When high school was finished, college began. I moved into a dormitory, away from my family, and made new friends. For two summers, I worked as a counselor at summer camps and when the sessions ended, I found even a few short weeks at home before school began were too much. My most important work during these years (besides studying) was to choose a major and a direction for my life but these decisions were elusive. One minute I was certain of my future; the next second everything had changed. In my junior year, I met a special young man and a large part of my future was decided.

The next thirty years went on forever and were over much too quickly. We raised three children, moved more than ten times and I continued to vacillate between professions, moving from nursery school teacher to journalism and finally into communications and public relations, with newspaper writing on the side. Our children grew up and left home and suddenly, we were back to the beginning.

When I think of those years now, the busiest time of my life and perhaps the most important, they feel like hundreds of puzzle pieces spread on the table with part of an event here and another piece of it over there. It would take me another lifetime to put them in the proper order.

Now we are retired and finding new challenges and activities, enjoying time with friends and reading books we never had time to before. However, sometimes I wonder: why didn’t I pay more attention at each stage, carefully placing every memory into a special file where I could revisit it any time I felt like it and say to myself, “Ah yes. That’s where the time went. I remember that.”

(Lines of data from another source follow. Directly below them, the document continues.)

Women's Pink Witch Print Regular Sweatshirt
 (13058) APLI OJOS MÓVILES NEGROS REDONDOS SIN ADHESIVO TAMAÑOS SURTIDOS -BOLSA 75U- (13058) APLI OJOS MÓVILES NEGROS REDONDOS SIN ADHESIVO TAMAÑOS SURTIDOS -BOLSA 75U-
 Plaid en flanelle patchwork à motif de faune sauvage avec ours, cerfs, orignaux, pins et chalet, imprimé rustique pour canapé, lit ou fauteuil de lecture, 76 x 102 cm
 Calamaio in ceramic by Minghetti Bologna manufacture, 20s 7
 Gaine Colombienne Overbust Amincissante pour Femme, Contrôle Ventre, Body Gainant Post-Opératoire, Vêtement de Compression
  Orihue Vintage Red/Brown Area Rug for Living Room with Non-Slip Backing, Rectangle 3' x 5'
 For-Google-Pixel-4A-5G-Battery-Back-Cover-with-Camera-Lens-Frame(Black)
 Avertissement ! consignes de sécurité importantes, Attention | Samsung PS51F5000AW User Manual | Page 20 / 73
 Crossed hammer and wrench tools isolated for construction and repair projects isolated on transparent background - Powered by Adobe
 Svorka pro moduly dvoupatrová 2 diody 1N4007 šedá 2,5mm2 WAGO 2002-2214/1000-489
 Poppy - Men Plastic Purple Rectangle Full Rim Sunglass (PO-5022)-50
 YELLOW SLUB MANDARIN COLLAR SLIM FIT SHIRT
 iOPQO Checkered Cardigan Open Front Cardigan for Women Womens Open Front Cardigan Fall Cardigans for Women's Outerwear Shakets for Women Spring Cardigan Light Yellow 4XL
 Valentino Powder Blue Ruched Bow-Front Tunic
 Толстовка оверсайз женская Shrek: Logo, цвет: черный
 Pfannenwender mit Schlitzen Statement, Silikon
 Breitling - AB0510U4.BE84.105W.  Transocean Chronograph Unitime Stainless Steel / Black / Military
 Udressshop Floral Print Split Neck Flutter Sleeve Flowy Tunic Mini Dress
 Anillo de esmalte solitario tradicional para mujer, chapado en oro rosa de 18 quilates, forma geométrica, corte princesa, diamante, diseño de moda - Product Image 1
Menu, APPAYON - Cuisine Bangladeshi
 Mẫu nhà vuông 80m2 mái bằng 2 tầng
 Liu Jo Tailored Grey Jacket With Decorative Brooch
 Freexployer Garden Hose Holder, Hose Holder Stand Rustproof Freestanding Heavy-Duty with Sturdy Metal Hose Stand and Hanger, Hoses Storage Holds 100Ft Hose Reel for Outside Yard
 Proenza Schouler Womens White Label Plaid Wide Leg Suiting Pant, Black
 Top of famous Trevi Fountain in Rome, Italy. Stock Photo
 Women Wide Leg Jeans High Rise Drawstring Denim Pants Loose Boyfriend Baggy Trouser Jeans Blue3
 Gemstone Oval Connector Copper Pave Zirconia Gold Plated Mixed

But in a way, I do have that file. I have my own memories plus the memories my husband, my brother and my three adult children share with me. I even have the newest memories made this past week when both of our daughters and our granddaughter joined us at the lake. Yes, the time went fast and yes, I wish I had savored more of it, but then, that’s life. I don’t know if you can fully live each moment if you spend all your time worrying about how fast it is passing. Because, the bottom line is we are, even in our 70’s, 80’s and 90’s, still living every day and still making new memories. So, I expect that, even twenty years from now, I’ll still be saying, “Where has the time gone!” At least, I hope so.